去年の桜 (2015/3/22)
「今日 東京で さくらの開花宣言がされた」と夜のTVニュースで報道されていた。
私の住む大阪の開花予想日は 24日だという。
あと3日もすれば、今年もあの美しいさくらの花が見れるのかと思うと、
なんとなく、こころ楽しくなった。
桜といえば、今で、も鮮明に思い出すシーンがある。
「そんな歌を二度とわしの前で歌ってくれぬな」
常日頃は優しくて、ニコニコと笑っていた父だったが、
その時ばかりは声を荒げて、私に向かってきっぱりと言ったのだった。
その時、私は大学のクラブの夏合宿の帰りに実家に立ち寄り、
合宿の時の何か高揚した気分の延長で、鼻歌で「同期の桜」の替え歌を歌っていた。
この頃、合宿の最期のキャンプファイヤーなどで、仲間意識を高めるためかこの替え
歌がよく歌われていた。男子も女子もなかった。
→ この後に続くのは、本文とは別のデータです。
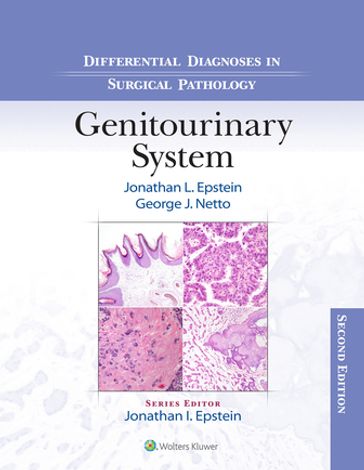 Differential Diagnoses in Surgical Pathology: Genitourinary System - George J Netto - Jonathan Epstein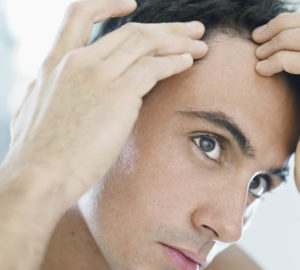 tratamientos alopecia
みんなで円陣を組んでよく歌った。
父は、戦争については、一言も私たち子供には語らなかった。
時々、母を通して聞くのみであった。
だからなのだろうか、
当時は 私もまだまだ若く、父がどのような気持ちで戦場で戦っていたのか、
たびたび遭遇した戦友の死に対してどんな思いで耐えていたのかなど、
全く考えもしていなかった。
まして、謂わゆる、「同期の桜」や「海ゆかば」のような軍歌がどんなに父の気持ちを傷つけるものであったのかということなど考えも及ばなかったのだった。
しかし、その父の言葉は強く私のこころに残った。
二度と歌うことはなかった。
父の前でも、クラブででも。
しかし、以前にも書いたように父は桜の花が大好きで、
父との思い出にはいつも桜の花が出てくる。
今年も父や母、そしてやはり桜の花が大好きだった義母を思いだしながら、
桜の花を追いかけることだろう。